An R package for the extraction of sentiment and sentiment-based plot arcs from text.
The name "Syuzhet" comes from the Russian Formalists Victor Shklovsky and Vladimir Propp who divided narrative into two components, the "fabula" and the "syuzhet." Syuzhet refers to the "device" or technique of a narrative whereas fabula is the chronological order of events. Syuzhet, therefore, is concerned with the manner in which the elements of the story (fabula) are organized (syuzhet).
The Syuzhet package attempts to reveal the latent structure of narrative by means of sentiment analysis. Instead of detecting shifts in the topic or subject matter of the narrative (as Ben Schmidt has done), the Syuzhet package reveals the emotional shifts that serve as proxies for the narrative movement between conflict and conflict resolution. This was an idea inspired by the late Kurt Vonnegut in an essay titled "Here's a Lesson in Creative Writing" in his collection A Man Without A Country ( Random House, 2007). A lecture Vonnegut gave on this subject is available via youTube
Thanks to Lincoln Mullen for early feedback on this package (see http://rpubs.com/lmullen/58030).
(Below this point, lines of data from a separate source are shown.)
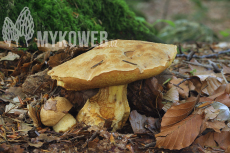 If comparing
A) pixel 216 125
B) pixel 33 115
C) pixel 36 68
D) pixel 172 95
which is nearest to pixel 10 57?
pixel 36 68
This package is now available on CRAN (http://cran.r-project.org/web/packages/syuzhet/).
install.packages("syuzhet")
You can install the most current development version from gitHub using the devtools
package:
# install.packages("devtools")
devtools::install_github("mjockers/syuzhet")
Syuzhet incorporates four sentiment lexicons:
The default "Syuzhet" lexicon was developed in the Nebraska Literary Lab under the direction of Matthew L. Jockers
The "afinn" lexicon was developed by Finn Arup Nielsen as the AFINN WORD DATABASE See: See http://www2.imm.dtu.dk/pubdb/views/publication_details.php?id=6010 The AFINN database of words is copyright protected and distributed under "Open Database License (ODbL) v1.0" http://www.opendatacommons.org/licenses/odbl/1.0/ or a similar copyleft license.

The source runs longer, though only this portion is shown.